Ce qui arrive était-il imprévisible ? Pour juguler la crise financière et économique, les Etats ont laissé s’emballer le déficit et la dette publics.
Concernant les Etats-Unis, Virginie Robert observe dans Les Echos : « Si elle s’établit à 12 364 milliards de dollars aujourd’hui, la dette fédérale a représenté 53 % du PIB en 2009 et devrait atteindre 64% à la fin de cette année. Mais le ratio pourrait dépasser les 100 % en 2020 selon l’agence Moody’s (au lieu des 77 % prévus) si l’on intègre la dette des différents Etats et des gouvernements locaux. »
Ce qui signifie, en clair, que la dette serait supérieure à la richesse créée aux Etats-Unis pendant toute l’année.

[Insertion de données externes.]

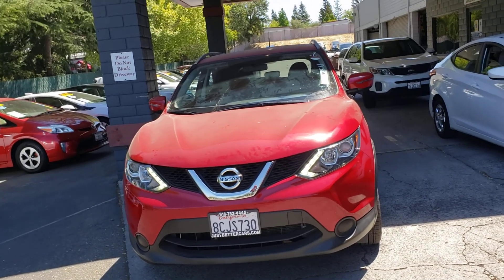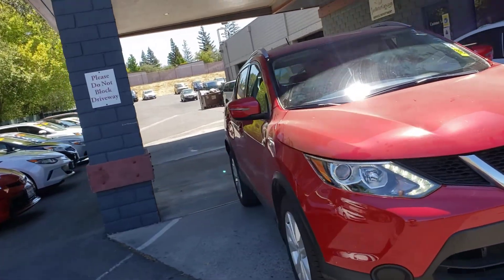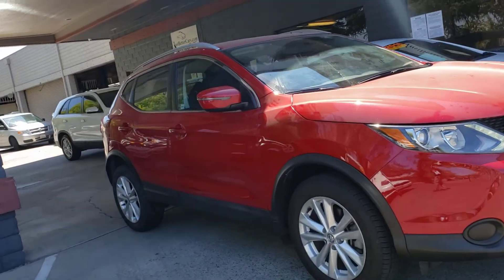2017 Nissan Rogue, red in color. We just got it in a little bit ago — it needs a bath still and has to go through detail, but I just wanted to get a video out here so you can see how clean it is.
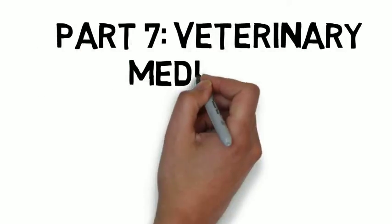This video cast looks at veterinary medicines because pharmacists working in registered premises are authorised to supply veterinary medicines for use in animals where there's a valid prescription, but also for retail sale.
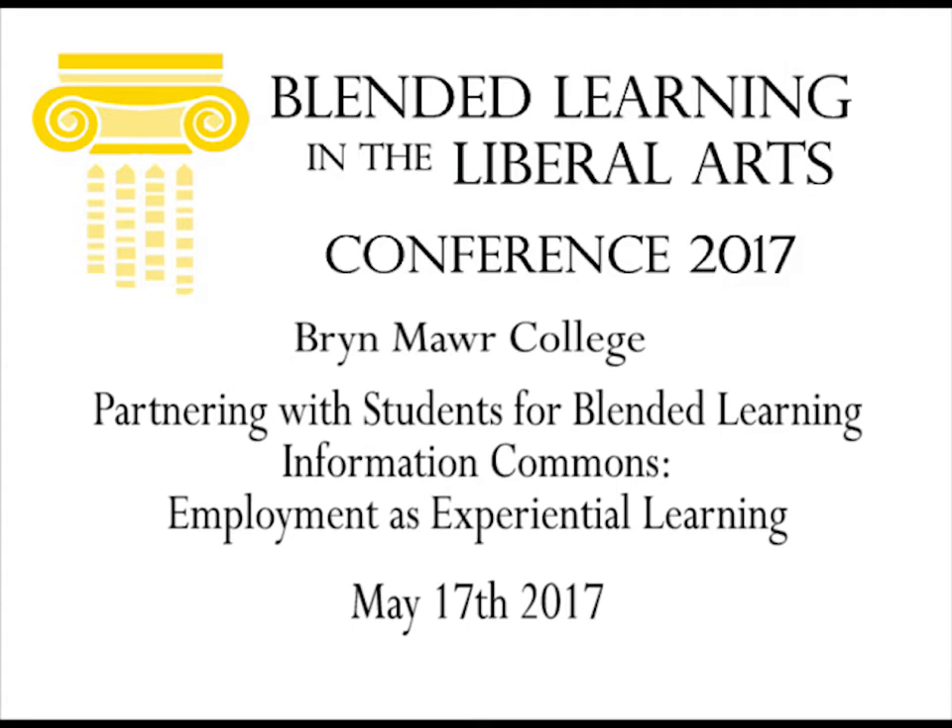I'm Jessica Hollinger. I'm the Associate Director of Experiential Education here on campus in our Leadership, Innovation, and Mobile Arts Center at my lab. I'm also an alum.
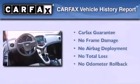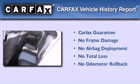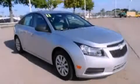Not to mention that this Chevrolet qualifies for the Carfax buyback guarantee. We invite you to contact us today to learn more about this vehicle.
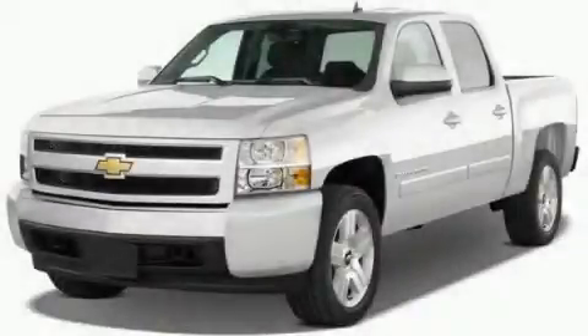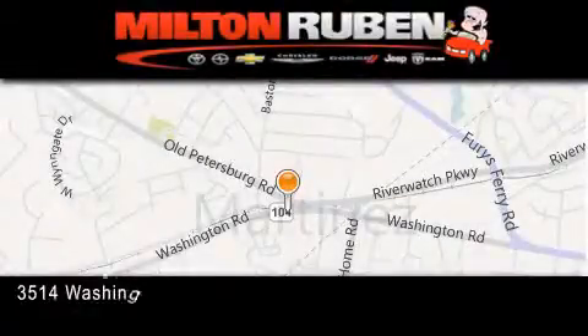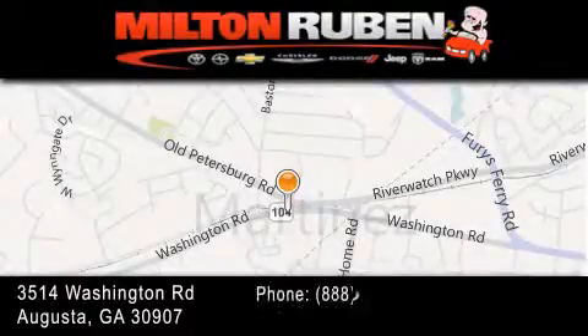Call now to find out how you can own this breathtaking automobile. Come experience the Drive Baby advantage here at the Milton Rubin Superstore.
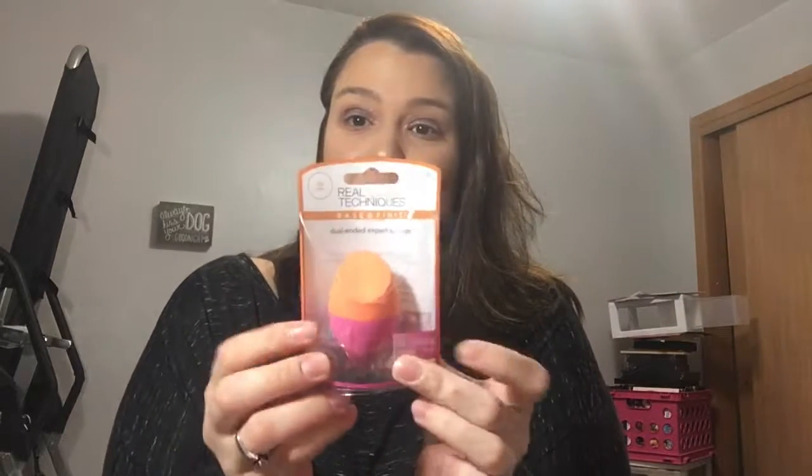So the first haul is Ulta. I got a beauty blender for $5.99 — I needed a new one. I also got the Derma Blend loose setting powder. I've heard good things about it but I actually wanted to try it for myself, so I bought it.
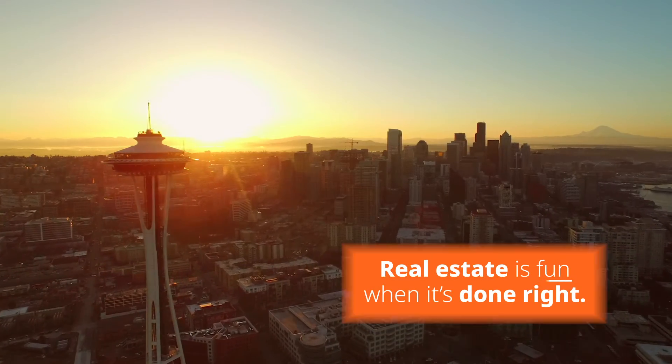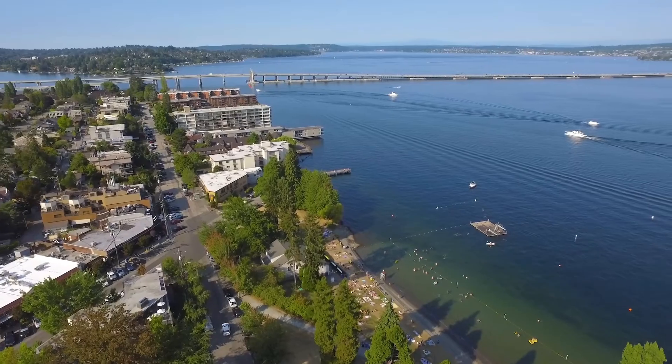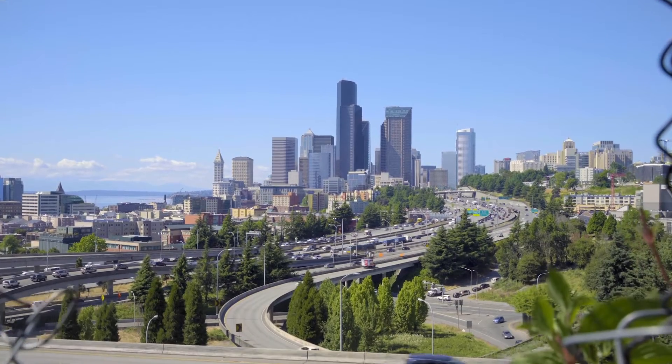Real estate is fun when it's done right. We have so many beautiful areas of our city. The best part about us is that we're a lot of fun.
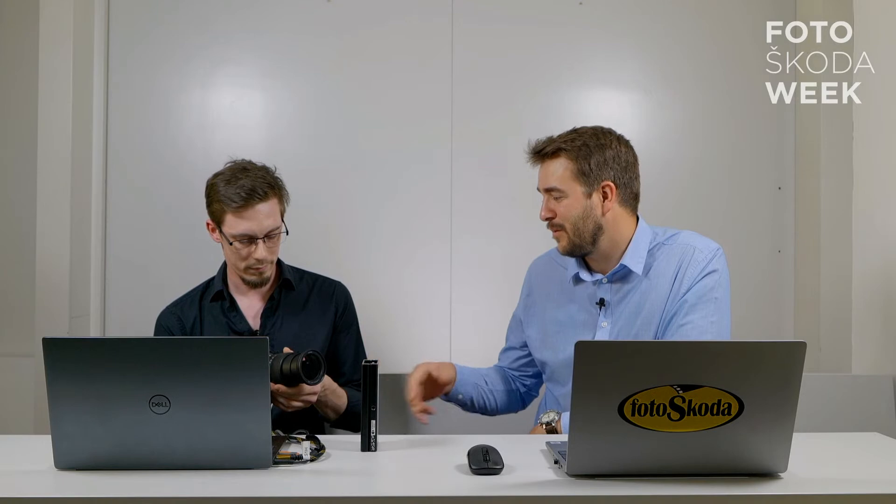Na focení je připraven Nikon Z7 s rozlišením 45 MP a objektivem 24–70 mm f/4. Nechtěl jsem fotit s nějakým 1.8 objektivem – zákazník si ho může pořídit rovnou v setu s foťákem a je velmi kvalitní. Uvidíme, co z něj dostaneme.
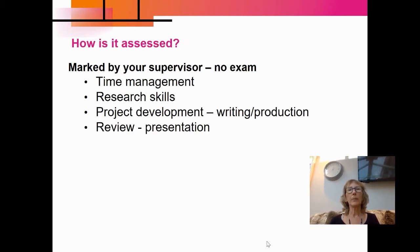The EPQ is brilliant because it involves absolutely no exams at all. It's 100 percent coursework assessed and it's marked by your supervisor. The four assessment objectives are looking at things like your time management, research skills, your project development, and how you reviewed your progress at the end. So it's very different to a normal A-level subject.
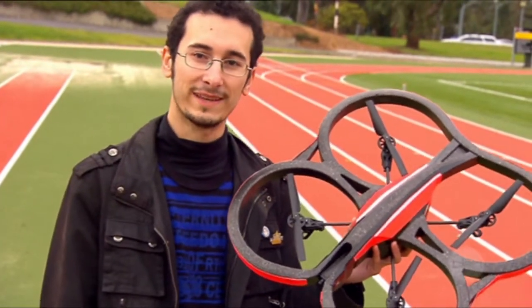Hi, I'm Chad from the Exertion Games Lab at RMIT, and this very cool machine here is the world's very first robotic jogging companion.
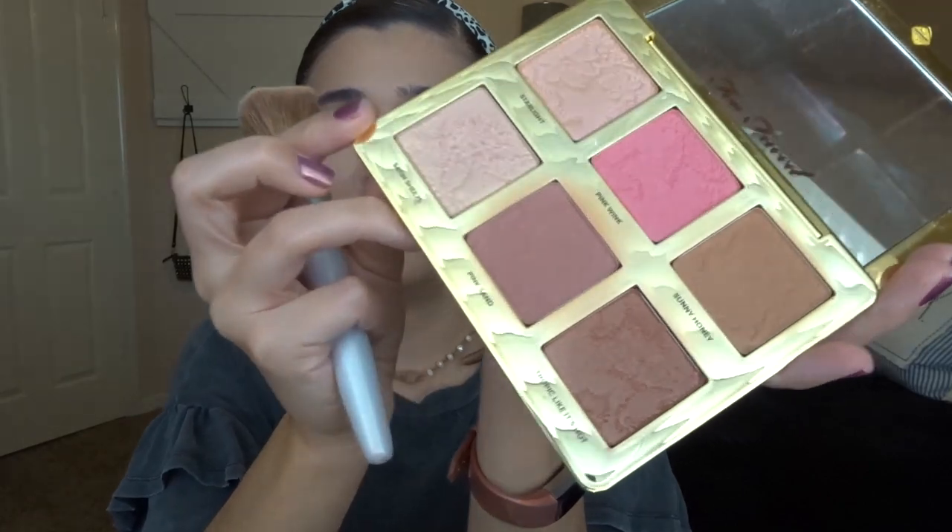Ever since maybe the fall, my skin has been so freaking dry and it's never been this dry before. I don't know what happened or what changed but my skin is so thirsty. Next we're going to go in with the Too Faced Natural Face palette - I love it so much. It's just so pretty and I wish I used it more. I'm going to go into the matte bronzer in here and use that.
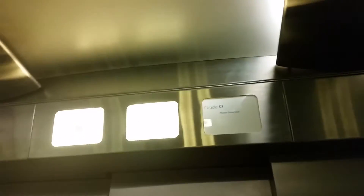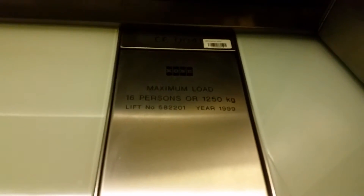Going down to the basement. Capacity: 16 persons, 1250 kilos, built in 1999.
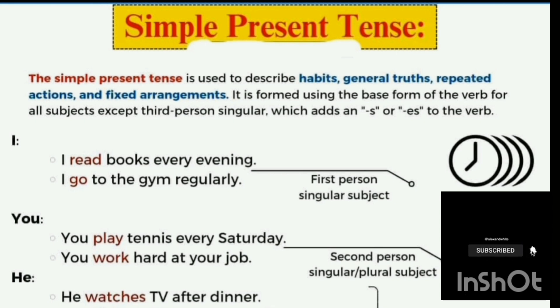With 'we' — first person plural — we use the first form of the verb. But with third person singular, we add S or ES to the verb. After S, SH, CH, or X, we use ES; otherwise we just add S. For example: 'he watches TV after dinner.'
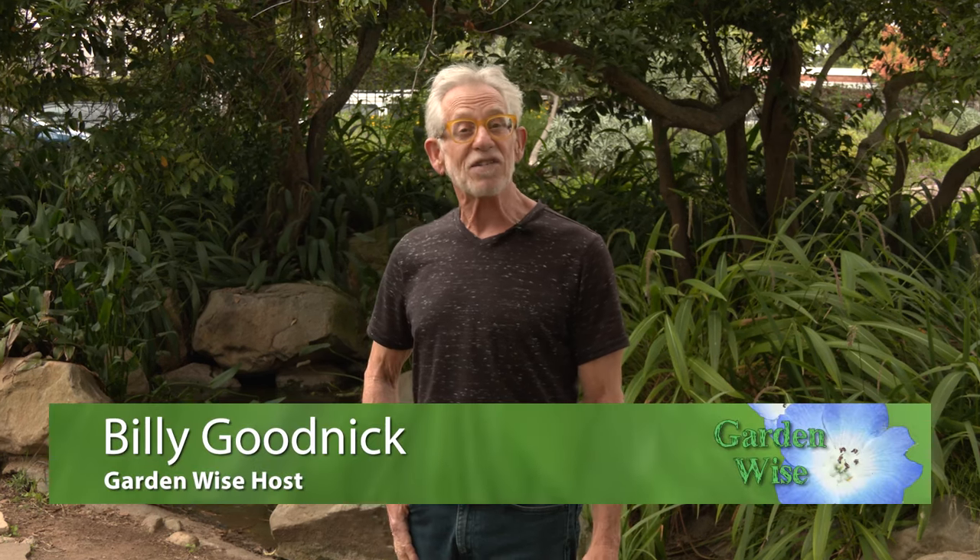Hi, welcome to GardenWise, the place everybody comes to learn about sustainable landscaping. I'm your host, Billy Goodnick, local landscape architect.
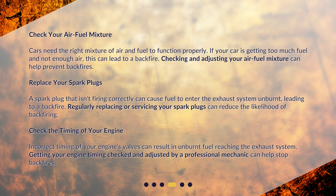Check the timing of your engine. Incorrect timing of your engine's valves can result in unburnt fuel reaching the exhaust system. Getting your engine timing checked and adjusted by a professional mechanic can help stop backfires.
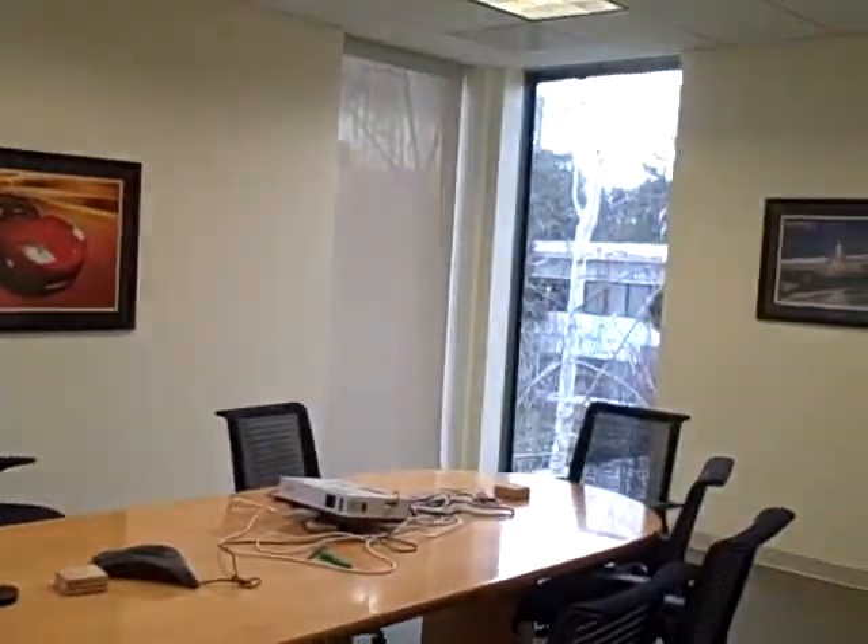This is a partner office. Another conference room here, and there's another conference room on the other side of this wall, but we can't go into it at the moment.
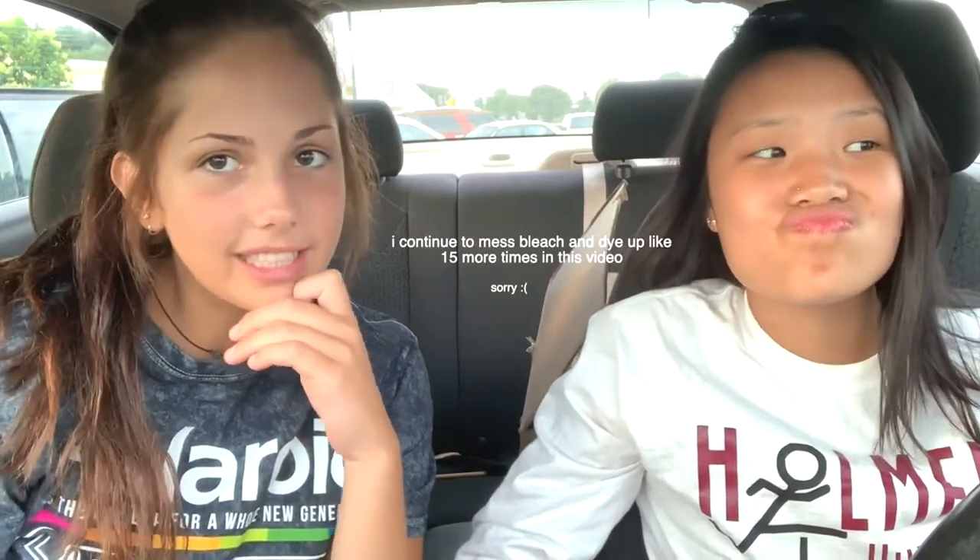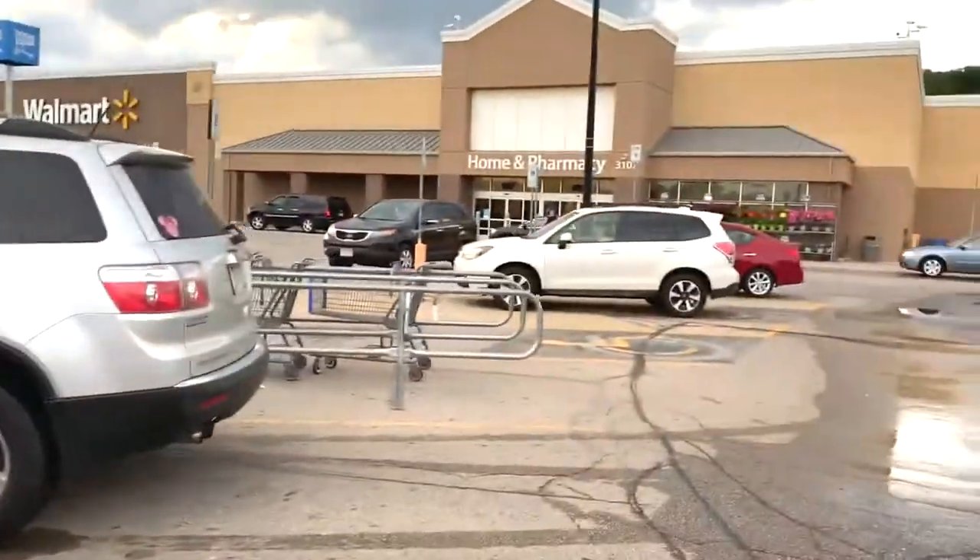We're gonna go look for some bleach. I'm gonna be honest right now — I'm kind of terrified to death, because if this goes really bad, it's gonna be really bad. And then we go to the dollar store and yeah, we're kind of terrified.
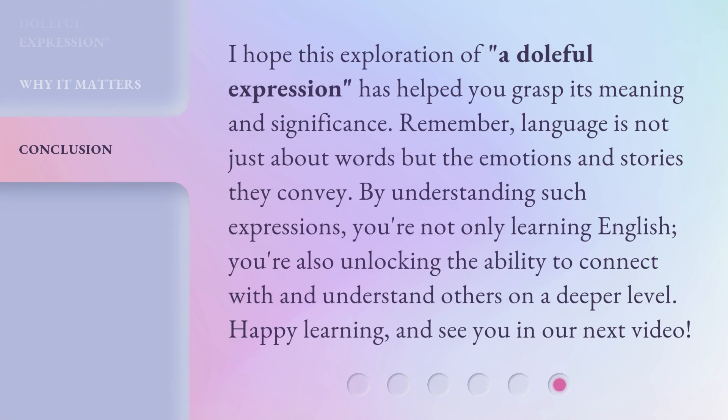I hope this exploration of 'a doleful expression' has helped you grasp its meaning and significance. Remember, language is not just about words but the emotions and stories they convey. By understanding such expressions, you're not only learning English — you're also unlocking the ability to connect with and understand others on a deeper level. Happy learning, and see you in our next video.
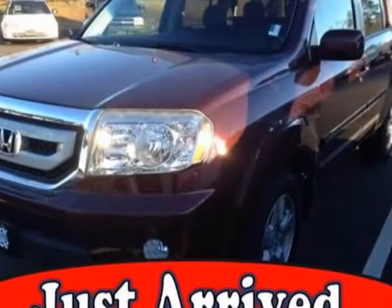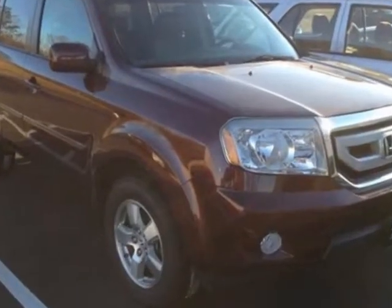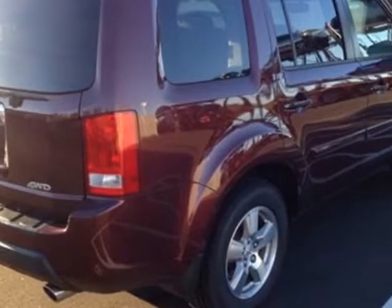Take a look at the certified pre-owned 2009 Honda Pilot. Carfax has certified this Pilot as having one owner. This Pilot has just under 31,000 miles.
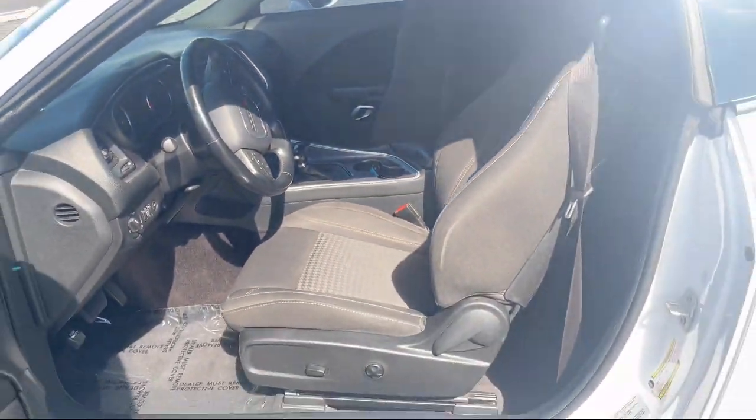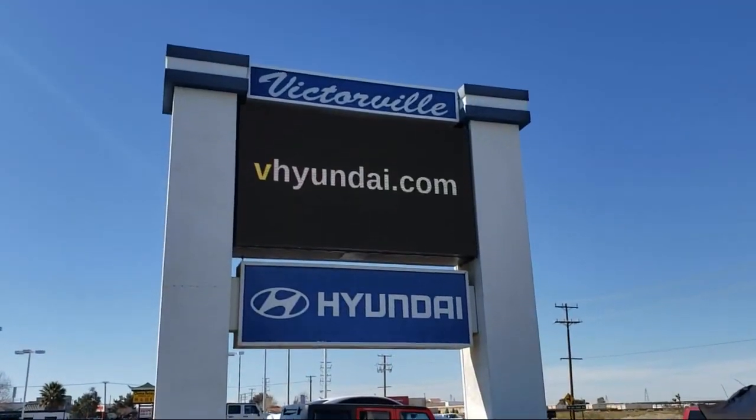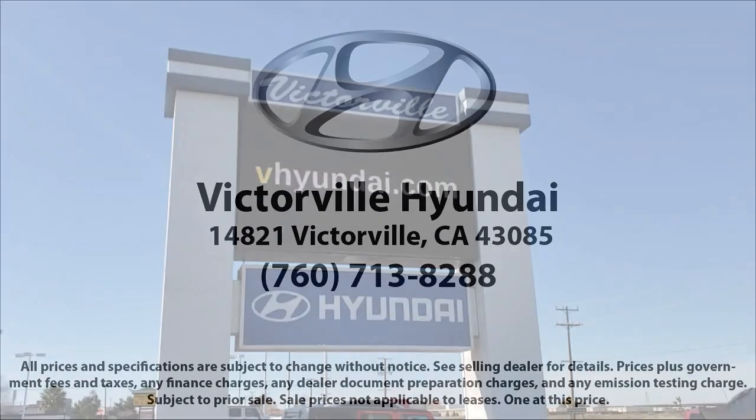It also features an outside temperature display, rear spoiler, alloy wheels, speed sensing steering, and has less than 75,000 miles on the odometer.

Quant à l’Europe, estime l’éditorialiste du Monde du 6 février, elle a « commis au moins une erreur. Celle de ne pas regarder d’assez près les comptes publics des Etats membres, notamment ceux de la zone euro. Mais cette crise révèle une faiblesse bien plus grave : l’absence de trousse de secours pour soigner le malade. (…) L’euro est une formidable réalisation que le monde entier nous envie, mais qui présente un vice de taille : elle est la seule monnaie au monde à ne pas être au service d’un gouvernement et d’un ministre des finances ».
On a compris où veut en venir le journaliste : la solution passerait par un gouvernement européen.
A moins qu’elle ne consiste, au contraire, à en finir avec cette monnaie unique « que le monde entier nous envie » et qui prive aujourd’hui les Etats de la possibilité de manœuvrer.